VNG is no longer the largest shareholder of Tiki after the e-commerce platform raised charter capital. According to the latest financial report of local unicorn VNG, its ownership rate at Tiki fell to 22.23 percent from 24.6 per cent last year. The move took place as the e-commerce site in late May increased its charter capital to VND208.31 billion ($9 million) from VND190.9 billion ($8.3 million).

After splashing out $17 million to gain 38 per cent of Tiki’s stakes in 2016, VNG has been constantly reducing its ownership at the company as the alliance proved one of its inefficient deals as the e-commerce platform has yet to turn any profit to date. In 2019, its after-tax losses reached VND1.765 trillion ($76.74 million).

In this second quarter, VNG reported a deficit of nearly VND16 billion ($695,650), which is something of an improvement against the same period last year when it lost VND102.3 billion ($4.45 million).

On the other hand, throughout the first half, it earned VND80.4 billion ($3.5 million) while last year it was VND70.06 billion ($3 million) in the red.

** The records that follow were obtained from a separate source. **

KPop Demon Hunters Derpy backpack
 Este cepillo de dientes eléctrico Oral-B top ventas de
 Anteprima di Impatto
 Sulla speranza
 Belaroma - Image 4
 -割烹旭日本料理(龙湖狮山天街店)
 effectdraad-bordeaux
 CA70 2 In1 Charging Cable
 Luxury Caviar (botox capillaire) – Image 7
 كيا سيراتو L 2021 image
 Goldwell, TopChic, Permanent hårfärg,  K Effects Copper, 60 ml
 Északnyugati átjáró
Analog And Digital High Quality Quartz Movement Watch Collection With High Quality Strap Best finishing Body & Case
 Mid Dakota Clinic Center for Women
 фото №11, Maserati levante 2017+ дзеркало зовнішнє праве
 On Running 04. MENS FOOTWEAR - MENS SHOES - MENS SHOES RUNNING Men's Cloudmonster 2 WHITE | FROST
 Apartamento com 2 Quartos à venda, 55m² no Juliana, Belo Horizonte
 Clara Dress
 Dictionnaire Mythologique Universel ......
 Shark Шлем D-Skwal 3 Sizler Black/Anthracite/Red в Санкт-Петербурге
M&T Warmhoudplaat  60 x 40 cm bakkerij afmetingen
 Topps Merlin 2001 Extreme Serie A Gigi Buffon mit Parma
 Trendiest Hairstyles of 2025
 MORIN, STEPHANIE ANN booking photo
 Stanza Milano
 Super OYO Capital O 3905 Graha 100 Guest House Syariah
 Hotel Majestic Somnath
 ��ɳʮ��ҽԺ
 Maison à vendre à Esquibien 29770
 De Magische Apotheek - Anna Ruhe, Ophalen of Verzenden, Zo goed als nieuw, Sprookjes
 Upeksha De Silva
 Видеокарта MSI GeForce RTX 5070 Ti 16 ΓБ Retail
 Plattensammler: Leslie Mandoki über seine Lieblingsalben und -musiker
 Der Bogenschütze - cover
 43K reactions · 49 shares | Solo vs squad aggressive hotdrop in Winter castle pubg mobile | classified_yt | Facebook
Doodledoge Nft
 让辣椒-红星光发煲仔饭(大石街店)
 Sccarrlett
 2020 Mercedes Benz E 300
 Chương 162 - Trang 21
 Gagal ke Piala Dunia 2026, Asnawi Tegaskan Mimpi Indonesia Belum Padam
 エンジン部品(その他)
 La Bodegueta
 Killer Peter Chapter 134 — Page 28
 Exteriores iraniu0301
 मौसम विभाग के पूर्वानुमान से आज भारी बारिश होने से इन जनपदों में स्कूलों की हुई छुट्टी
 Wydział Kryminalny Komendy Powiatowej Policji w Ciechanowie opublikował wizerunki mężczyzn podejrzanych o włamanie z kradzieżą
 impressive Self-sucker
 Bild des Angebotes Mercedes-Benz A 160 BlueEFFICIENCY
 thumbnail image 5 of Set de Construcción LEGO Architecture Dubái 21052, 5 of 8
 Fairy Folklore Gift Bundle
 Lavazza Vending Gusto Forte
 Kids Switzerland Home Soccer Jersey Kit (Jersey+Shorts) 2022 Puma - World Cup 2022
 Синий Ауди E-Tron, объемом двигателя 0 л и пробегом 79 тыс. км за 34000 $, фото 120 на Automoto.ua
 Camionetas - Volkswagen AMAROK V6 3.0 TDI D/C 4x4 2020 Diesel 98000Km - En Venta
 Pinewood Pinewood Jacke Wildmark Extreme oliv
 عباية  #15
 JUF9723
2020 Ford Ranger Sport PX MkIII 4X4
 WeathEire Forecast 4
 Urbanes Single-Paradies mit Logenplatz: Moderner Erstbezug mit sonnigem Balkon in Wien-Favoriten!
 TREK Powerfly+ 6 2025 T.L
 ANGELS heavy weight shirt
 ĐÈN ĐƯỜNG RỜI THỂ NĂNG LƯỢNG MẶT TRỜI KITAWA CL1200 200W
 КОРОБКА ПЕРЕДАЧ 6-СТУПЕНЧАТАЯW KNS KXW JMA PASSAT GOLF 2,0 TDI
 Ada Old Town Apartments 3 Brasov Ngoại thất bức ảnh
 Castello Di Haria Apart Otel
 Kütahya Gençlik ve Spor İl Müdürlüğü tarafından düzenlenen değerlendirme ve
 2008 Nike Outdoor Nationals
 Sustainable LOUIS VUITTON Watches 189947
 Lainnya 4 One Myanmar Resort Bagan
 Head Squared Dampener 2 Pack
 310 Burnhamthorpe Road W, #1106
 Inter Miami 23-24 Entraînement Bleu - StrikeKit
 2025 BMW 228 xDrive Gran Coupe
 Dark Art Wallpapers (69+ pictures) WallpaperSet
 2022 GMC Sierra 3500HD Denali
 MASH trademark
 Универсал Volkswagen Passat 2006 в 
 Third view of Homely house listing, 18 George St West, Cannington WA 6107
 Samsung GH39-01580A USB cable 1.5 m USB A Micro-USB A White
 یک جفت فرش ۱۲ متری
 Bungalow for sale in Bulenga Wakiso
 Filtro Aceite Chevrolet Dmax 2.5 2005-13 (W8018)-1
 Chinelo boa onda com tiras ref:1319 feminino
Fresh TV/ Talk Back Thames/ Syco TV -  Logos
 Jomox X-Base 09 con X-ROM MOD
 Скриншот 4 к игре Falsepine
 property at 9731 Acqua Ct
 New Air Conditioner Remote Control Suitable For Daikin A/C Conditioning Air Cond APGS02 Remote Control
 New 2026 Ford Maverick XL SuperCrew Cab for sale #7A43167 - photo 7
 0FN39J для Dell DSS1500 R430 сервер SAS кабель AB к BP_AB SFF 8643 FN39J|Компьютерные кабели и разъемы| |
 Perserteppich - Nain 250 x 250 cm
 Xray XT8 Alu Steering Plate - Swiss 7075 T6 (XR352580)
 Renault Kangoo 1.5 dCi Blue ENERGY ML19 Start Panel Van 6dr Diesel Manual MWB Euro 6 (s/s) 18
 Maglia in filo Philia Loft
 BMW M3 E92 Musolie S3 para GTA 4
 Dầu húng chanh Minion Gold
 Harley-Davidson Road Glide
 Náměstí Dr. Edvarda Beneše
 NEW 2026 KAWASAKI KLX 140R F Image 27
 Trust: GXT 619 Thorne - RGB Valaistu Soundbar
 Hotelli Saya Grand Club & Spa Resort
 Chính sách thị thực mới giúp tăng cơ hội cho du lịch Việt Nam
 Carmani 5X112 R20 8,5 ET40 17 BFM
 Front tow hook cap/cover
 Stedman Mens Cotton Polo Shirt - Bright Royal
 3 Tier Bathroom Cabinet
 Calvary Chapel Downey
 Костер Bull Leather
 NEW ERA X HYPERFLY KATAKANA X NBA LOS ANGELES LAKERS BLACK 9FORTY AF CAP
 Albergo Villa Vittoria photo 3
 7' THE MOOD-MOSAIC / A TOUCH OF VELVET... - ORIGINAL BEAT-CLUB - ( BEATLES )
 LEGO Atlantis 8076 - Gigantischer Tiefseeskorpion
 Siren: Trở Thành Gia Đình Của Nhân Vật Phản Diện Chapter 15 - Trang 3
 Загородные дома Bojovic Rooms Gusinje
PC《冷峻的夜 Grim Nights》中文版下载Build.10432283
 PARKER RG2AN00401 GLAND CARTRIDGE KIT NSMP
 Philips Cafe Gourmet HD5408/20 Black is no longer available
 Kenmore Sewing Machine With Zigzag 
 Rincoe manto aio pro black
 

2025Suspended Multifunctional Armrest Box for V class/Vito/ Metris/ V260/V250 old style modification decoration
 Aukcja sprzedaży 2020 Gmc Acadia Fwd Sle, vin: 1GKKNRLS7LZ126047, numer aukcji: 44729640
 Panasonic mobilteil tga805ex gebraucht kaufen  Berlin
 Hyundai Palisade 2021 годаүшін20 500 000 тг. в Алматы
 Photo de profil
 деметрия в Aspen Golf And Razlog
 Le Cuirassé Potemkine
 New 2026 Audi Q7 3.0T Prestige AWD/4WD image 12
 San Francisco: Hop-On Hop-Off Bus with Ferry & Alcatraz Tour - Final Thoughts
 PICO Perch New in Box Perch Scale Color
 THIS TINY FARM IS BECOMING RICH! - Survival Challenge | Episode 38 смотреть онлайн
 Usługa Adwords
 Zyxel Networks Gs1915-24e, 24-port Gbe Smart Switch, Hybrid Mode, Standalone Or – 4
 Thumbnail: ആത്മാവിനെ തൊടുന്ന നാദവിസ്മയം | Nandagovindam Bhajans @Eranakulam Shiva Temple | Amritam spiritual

During the observed period, the most drastic change at the company was the VND182 billion ($7.9 million) rise in long-term financial investments to VND1.303 trillion ($56.65 million). The lion's share of this sum was poured into Zion JSC, the operator of ZaloPay, which was the only firm getting added capital from VNG, while the rest was poured into VNG's main segment, gaming.

On June 30, VNG’s ownership in Zion remained unchanged since last year at 60 per cent, but its investment doubled to VND714.79 billion ($31 million). However, on the flip side, VNG also raised its provision for the firm to VND371.4 billion ($16.15 million), up 75.8 per cent year to date.

This reflects the gloomy performance of Zion in recent years. In 2018, Zion reported a deficit of VND133.4 billion ($5.8 million), as much as seven times its loss in 2017.

Flagging e-payment as a promising sector, VNG acquired Zion in 2016. However, similar to e-commerce, companies running e-payment business have been constantly reporting losses. As a result, early last year VNG had to narrow its ownership rate at the firm from 100 to 60 per cent.